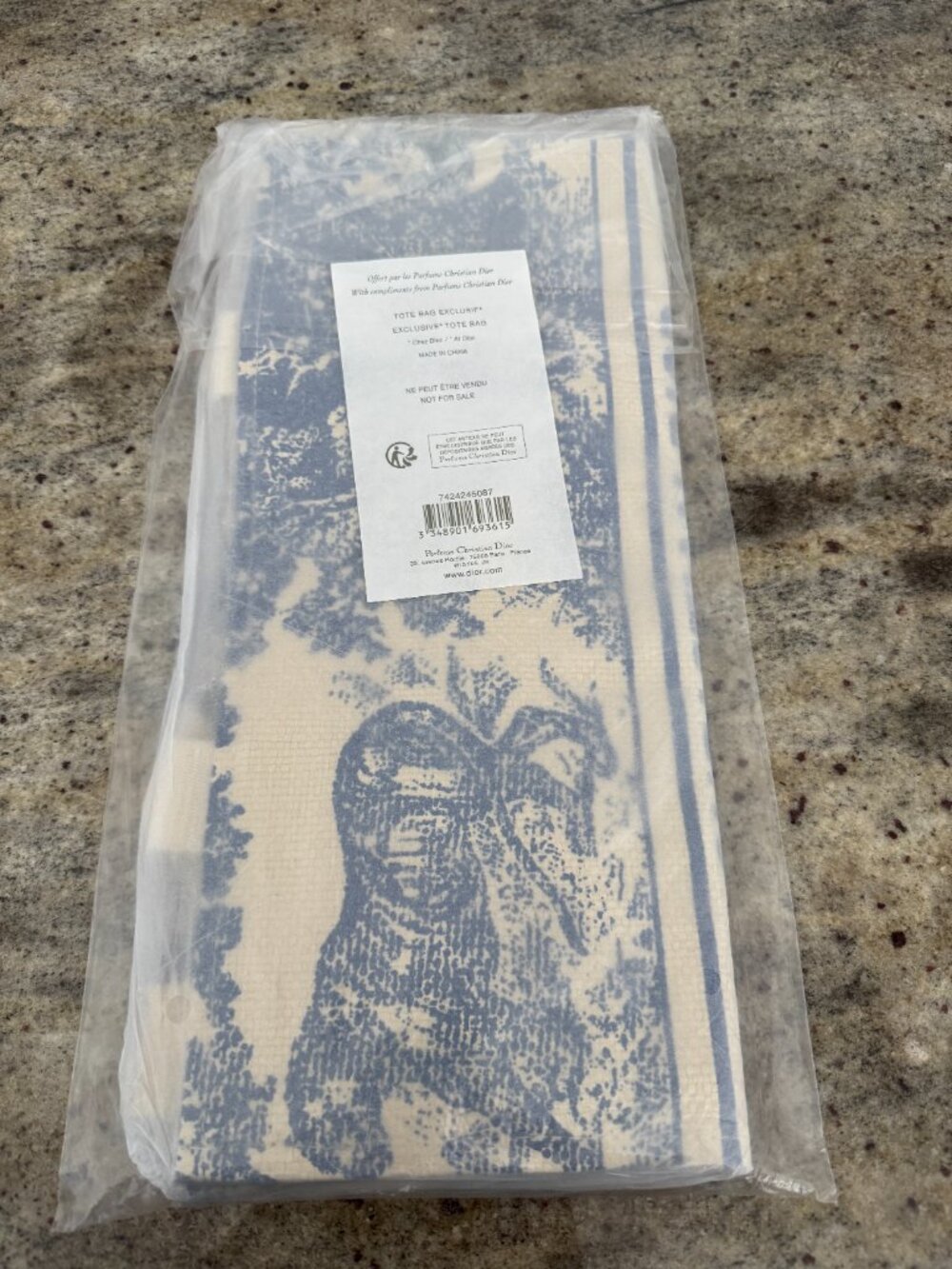 Christian Dior Blue Beige Straw Tote. The perfect beach bag! - Picture 7 of 8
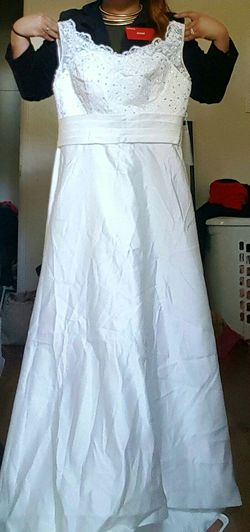 Size 12 beautiful wedding dress brand new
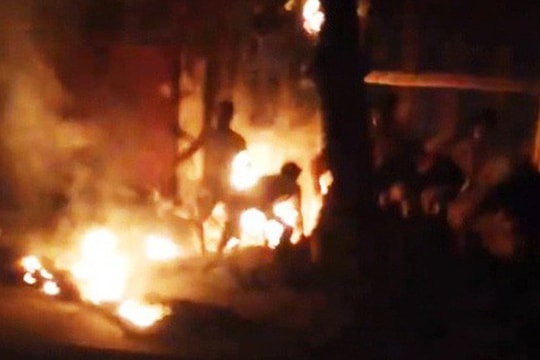 Chồng đâm vợ rồi dùng xăng tự thiêu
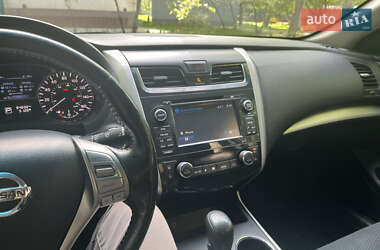 Седан Nissan Altima 2015 в 
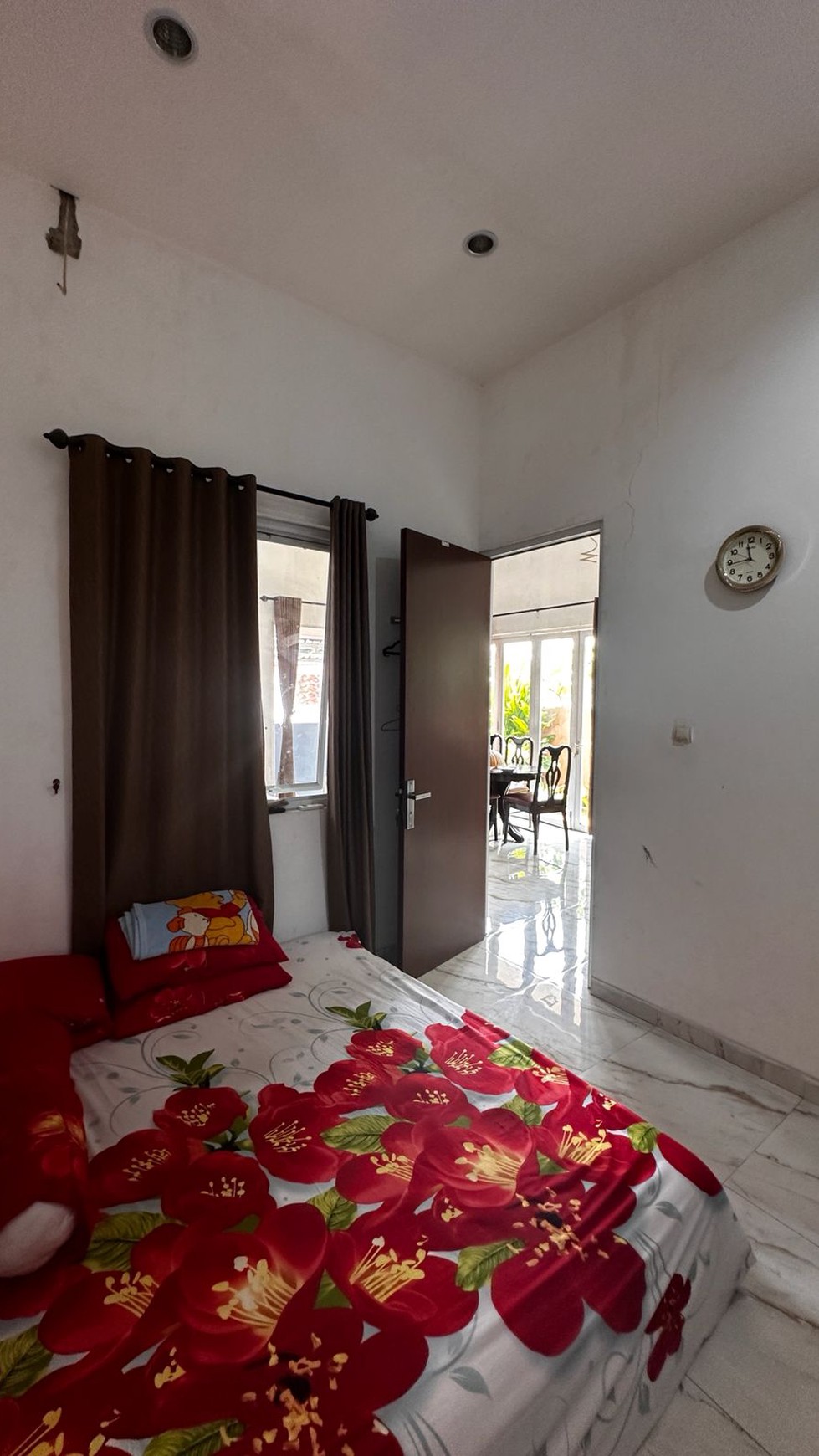 Rumah Siap Huni 3 Lantai di Mega Cinere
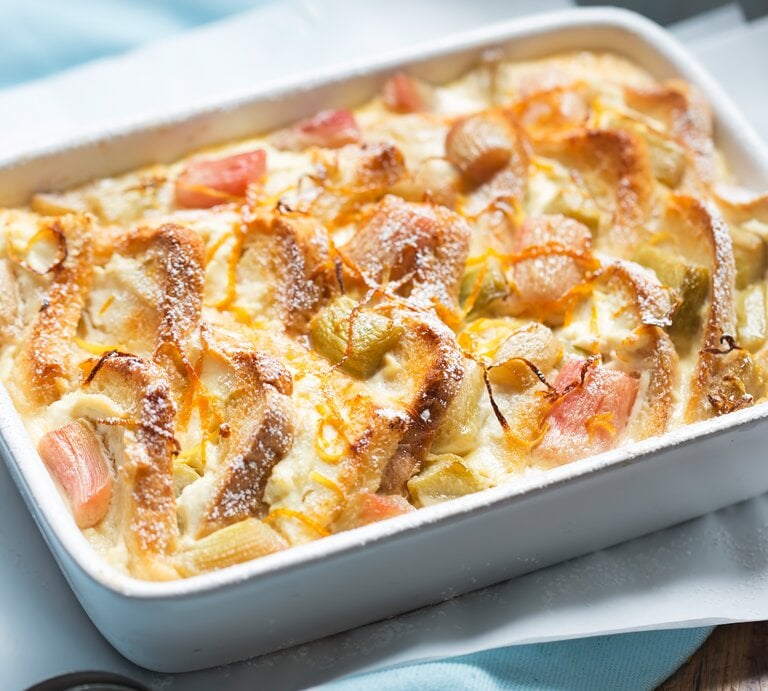 Rhabarber-Brot-Auflauf in Auflaufform bestreut mit Puderzucker.  | © Getty Images/ Bartosz Luczak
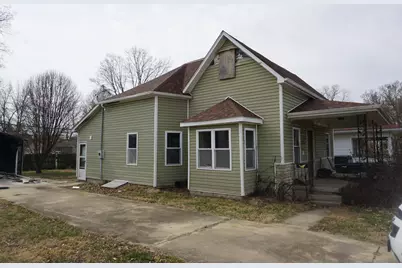 504 W Randolph Street, Pinckneyville, IL 62274 - Photo 2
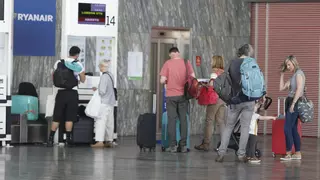 Más pasajeros y menos mercancías en el Aeropuerto de Zaragoza: estos son los datos hasta el mes de junio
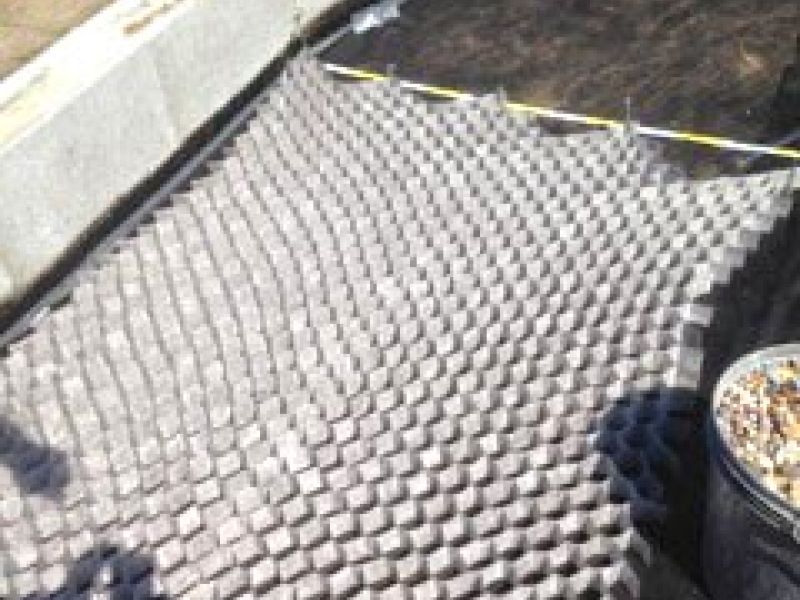 Verlegen der Kieswaben KW50 für eine neu angelegte Kies-Terrasse im Garten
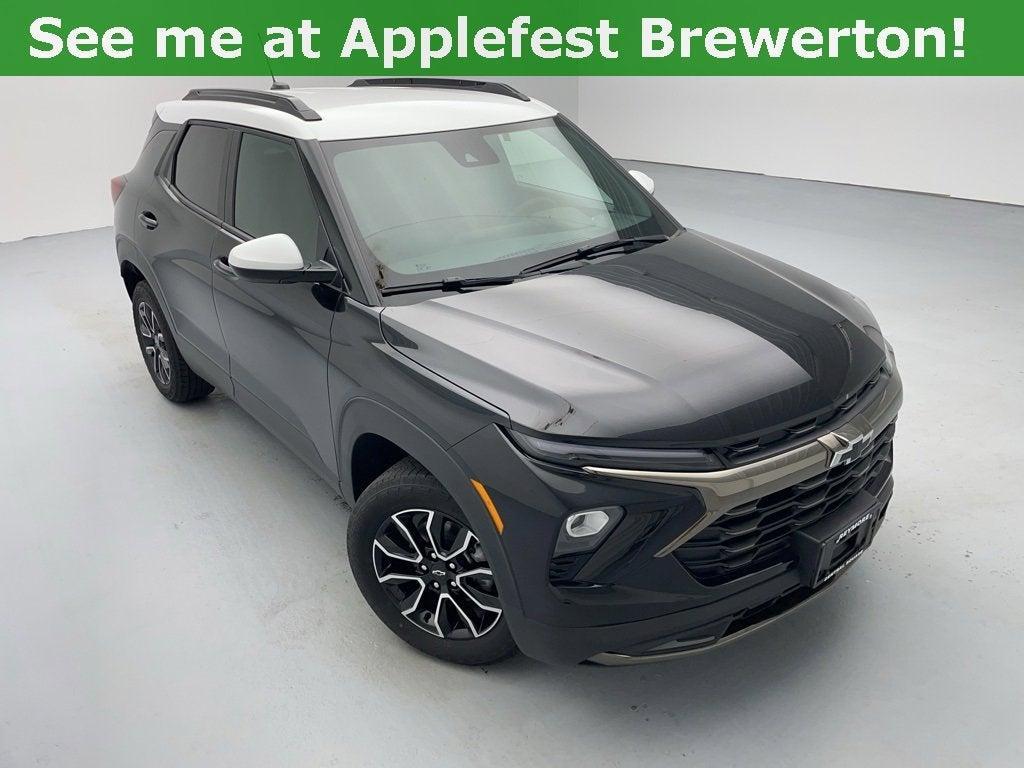new 2025 Chevrolet TrailBlazer car, priced at $29,985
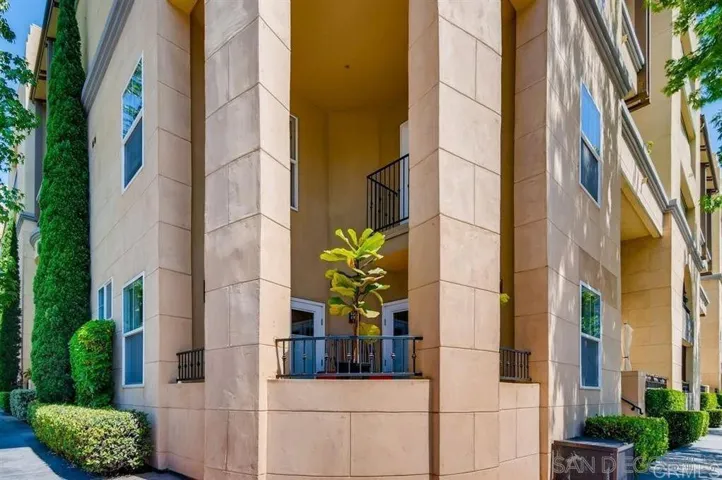 301 W G Street 101, San Diego, California 92101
--------------------
**WHAT IS NEEDED**
No pictures should appear in the copy, and each record above is to be returned exactly.

**ANSWER SPACE**
 Christian Dior Blue Beige Straw Tote. The perfect beach bag! - Picture 7 of 8
 Size 12 beautiful wedding dress brand new
 Chồng đâm vợ rồi dùng xăng tự thiêu
 Седан Nissan Altima 2015 в 
 Rumah Siap Huni 3 Lantai di Mega Cinere
 Rhabarber-Brot-Auflauf in Auflaufform bestreut mit Puderzucker.  | © Getty Images/ Bartosz Luczak
 504 W Randolph Street, Pinckneyville, IL 62274 - Photo 2
 Más pasajeros y menos mercancías en el Aeropuerto de Zaragoza: estos son los datos hasta el mes de junio
 Verlegen der Kieswaben KW50 für eine neu angelegte Kies-Terrasse im Garten
new 2025 Chevrolet TrailBlazer car, priced at $29,985
 301 W G Street 101, San Diego, California 92101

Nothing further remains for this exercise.